Understanding your daily production volume, kitchen layout, and regulatory constraints is the first step. The second is understanding what each tandoor type actually offers — which we cover next.
2. Types of Commercial Tandoors — Overview
Before we deep-dive into electric and gas models, here's a quick overview of every commercial tandoor type available in India. For detailed pricing and specs on all types, refer to our complete tandoor pricing guide.
Traditional Clay Tandoor
The original tandoor — a cylindrical clay oven heated by charcoal or wood. Produces unmatched smoky flavour and extreme heat (up to 480°C). Price: ₹3,000–₹25,000. Lifespan: 1–3 years. Best for dhabas and budget restaurants where smoky flavour is the selling point and fire regulations are relaxed.
Gas Clay Tandoor (Hybrid)
A clay-lined tandoor body inside a stainless steel or mild steel outer frame, heated by LPG/PNG burners instead of charcoal. Combines the flavour benefits of clay with the convenience and control of gas. Price: ₹15,000–₹60,000. This is the most popular choice for mid-range restaurants across India.

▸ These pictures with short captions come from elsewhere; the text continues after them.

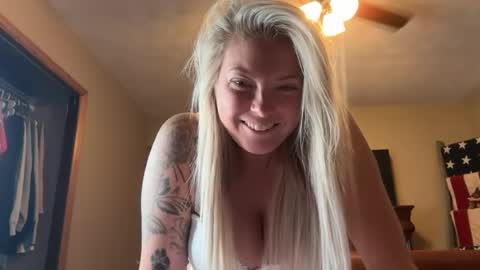 Snapshot of lexiblazing chatting on June 24, 9:25 pm Lexi online show from June 24, 9:25 pm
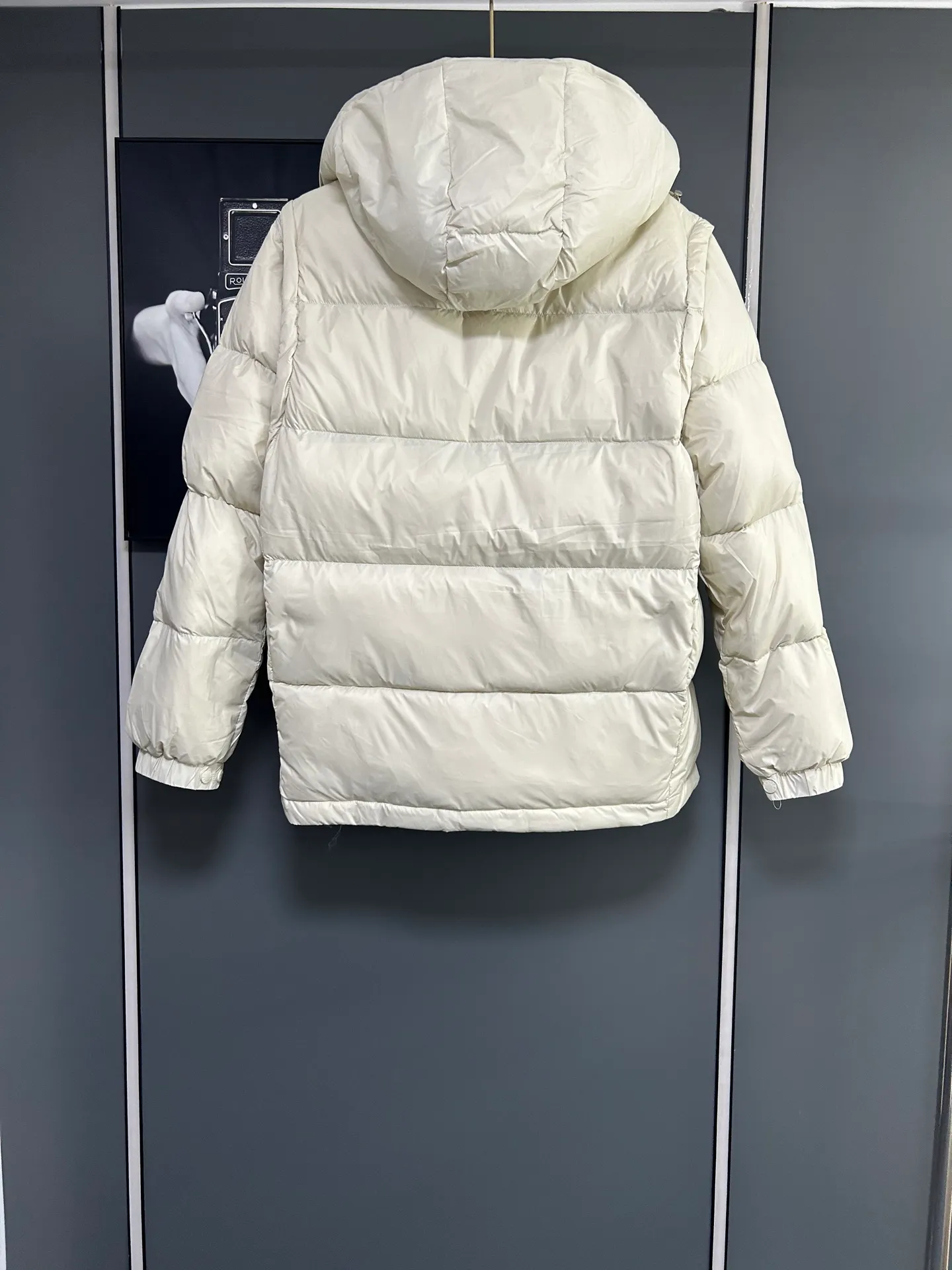 P800 2025 new autumn and winter style Moncler Avocette detachable vest down jacket original custom-made hardware accessories are fully imported and original customization is welcome. Absolute high quality using top-grade 95 white duck down. Super soft and fluffy. Super heavy-duty. The fabric is well-crafted and the version is perfect. Note △The fabric is super comfortable and warm. Exclusive non-market product. The upper body effect is super good. Same style for men and women. Color: Milky white Size: M-3XL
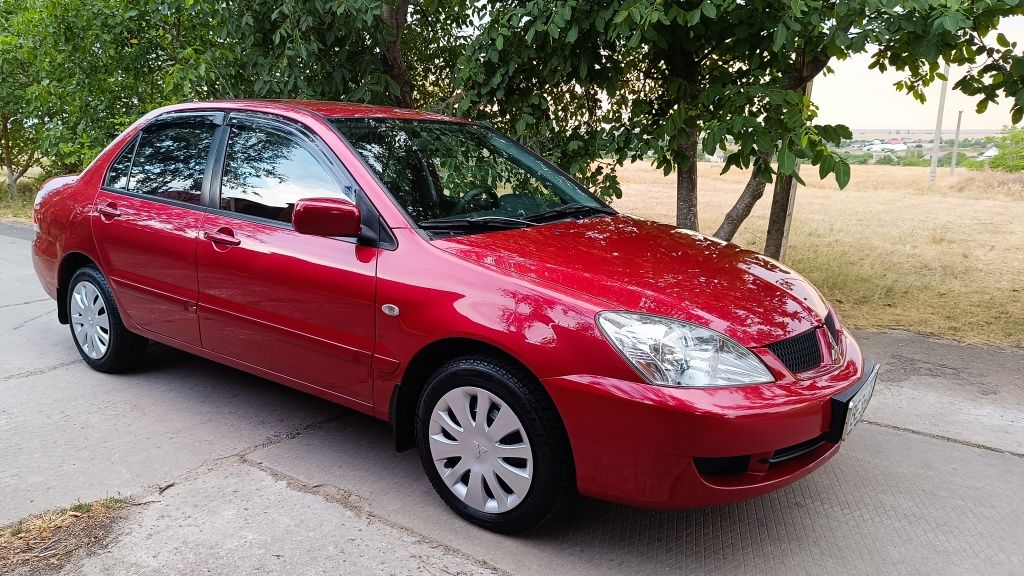 Mitsubishi Lancer.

Fully Gas Tandoor (Stainless Steel Body)
An all-stainless-steel tandoor with gas burners — no clay lining. Extremely durable (8–12 year lifespan), easy to clean, FSSAI-compliant, and low-maintenance. Price: ₹35,000–₹1,50,000. Preferred by hotel chains, QSRs, and high-volume commercial kitchens. The trade-off: less "authentic" tandoor flavour compared to clay-lined models.
Electric Tandoor
Uses electric heating elements instead of gas or charcoal. Available in compact home-use models (₹8,000–₹15,000) and commercial-grade units (₹20,000–₹1,00,000+). Ideal for smoke-free zones, cloud kitchens, malls, and apartments. We cover this in depth in Section 3.

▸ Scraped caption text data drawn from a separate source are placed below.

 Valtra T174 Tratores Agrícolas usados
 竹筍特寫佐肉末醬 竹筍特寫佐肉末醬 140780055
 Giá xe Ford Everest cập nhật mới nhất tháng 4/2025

Automatic Rotating Tandoor
A mechanised tandoor with a rotating platform or drum that automates naan/roti production. Available in both gas and electric variants. Price: ₹1,50,000–₹3,00,000+. Designed for extremely high volumes (800–2,000+ naans/hour). We cover this in Section 8.
3. Electric Tandoor — Deep Dive
How an Electric Tandoor Works
An electric tandoor replaces the traditional gas burner or charcoal heat source with electric heating elements — typically nichrome wire coils or tubular heating elements — mounted inside a cylindrical or rectangular cooking chamber. The chamber is insulated with ceramic fibre or mineral wool to retain heat. A thermostat or digital temperature controller allows the operator to set and maintain the desired temperature, typically between 200°C and 400°C for commercial models.

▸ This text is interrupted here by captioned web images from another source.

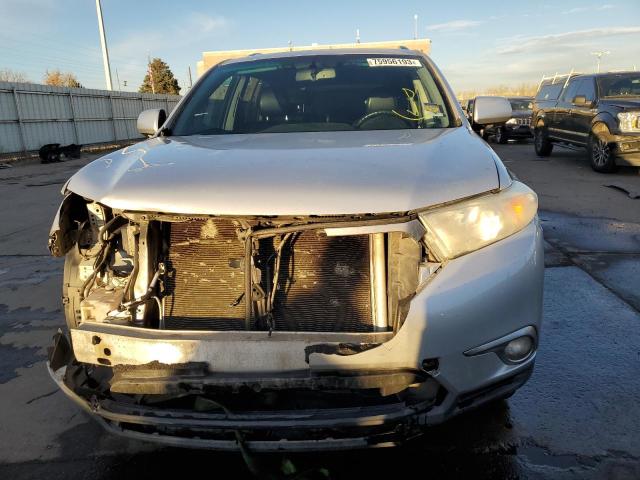 Photo 5 from auction – 2011 TOYOTA HIGHLANDER with VIN 5TDDK3EH9BS073220
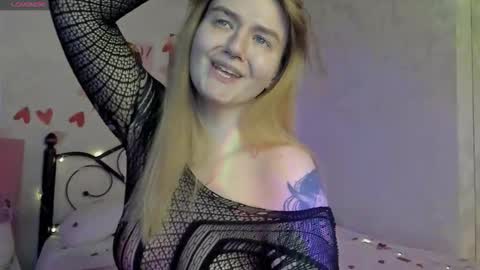 Snapshot of sherritate chatting on 02.15.26 Sherri online show from 02.15.26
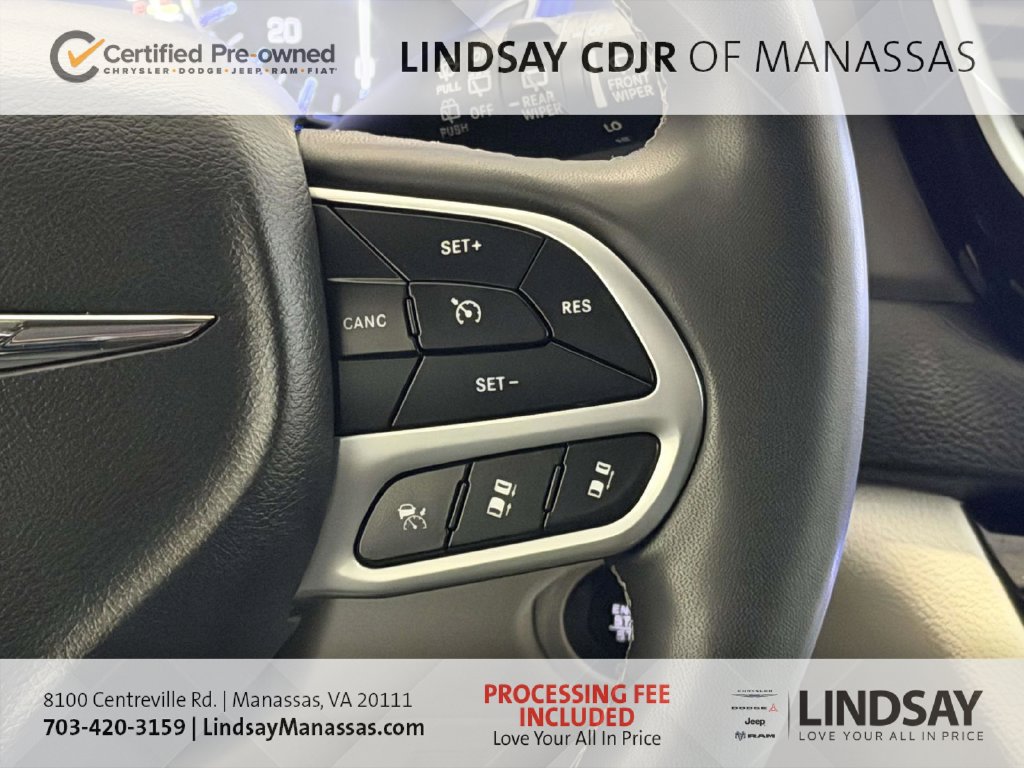 Certified 2024 Chrysler Pacifica Touring-L FWD image 30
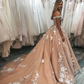 Wunderschönes schulterfreies Ballkleid mit Spitzenapplikationen in Pfirsichfarbe nv287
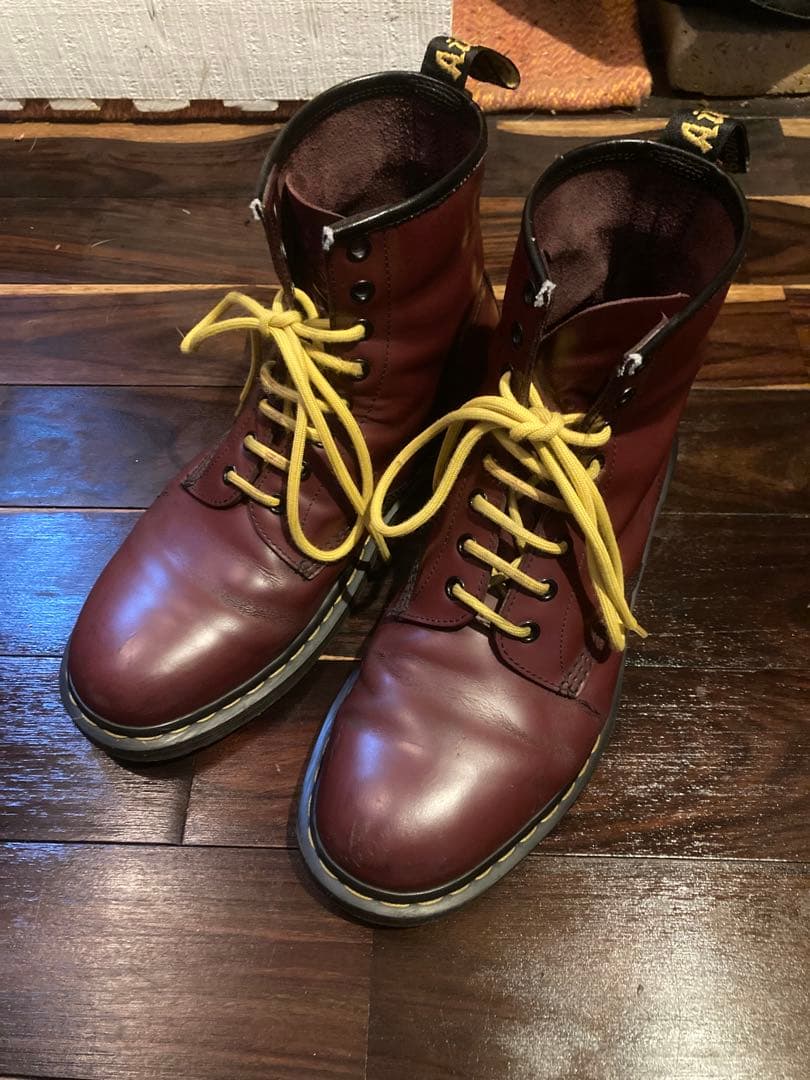 Dr.Martens 8ホール チェリーレッド UK9/28.0cm 楽天市場】【楽天スーパーSALE】ドクターマーチン 8ホール チェリー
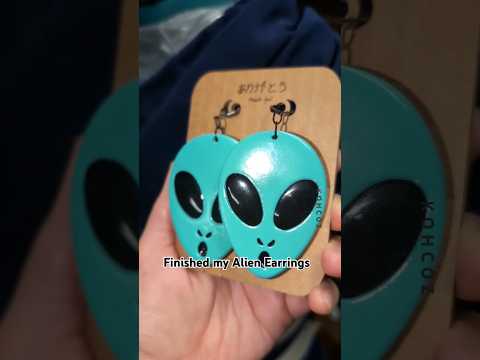 Little easter egg 😹🛸 #alien #earrings #cosplay #diy #smallbusiness #ddd #diy #anime #turbo #granny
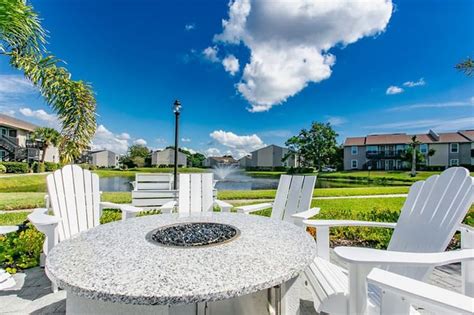 Trellis at the lakes. The Arbors at towne lake mostly features large homes that are very reasonably priced. This is a well-established community that continues to attract interest from buyers looking in the Woodstock area. Quick Facts. Closed Prices: $354,000 to …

The cooking surface may be a clay-lined interior (in premium models that aim to replicate traditional tandoor cooking), a ceramic-coated steel surface, or a plain stainless steel interior. Some electric tandoors have top and bottom heating elements for more even heat distribution, while others use only bottom elements with a reflective dome top.
Temperature Range and Heat-Up Time
- Home/light commercial: 150°C–300°C, heat-up time 15–25 minutes, wattage 1,500W–2,500W
- Mid-range commercial: 200°C–370°C, heat-up time 20–35 minutes, wattage 2,500W–4,000W
- Heavy-duty commercial: 250°C–420°C, heat-up time 25–45 minutes, wattage 4,000W–8,000W (requires three-phase power)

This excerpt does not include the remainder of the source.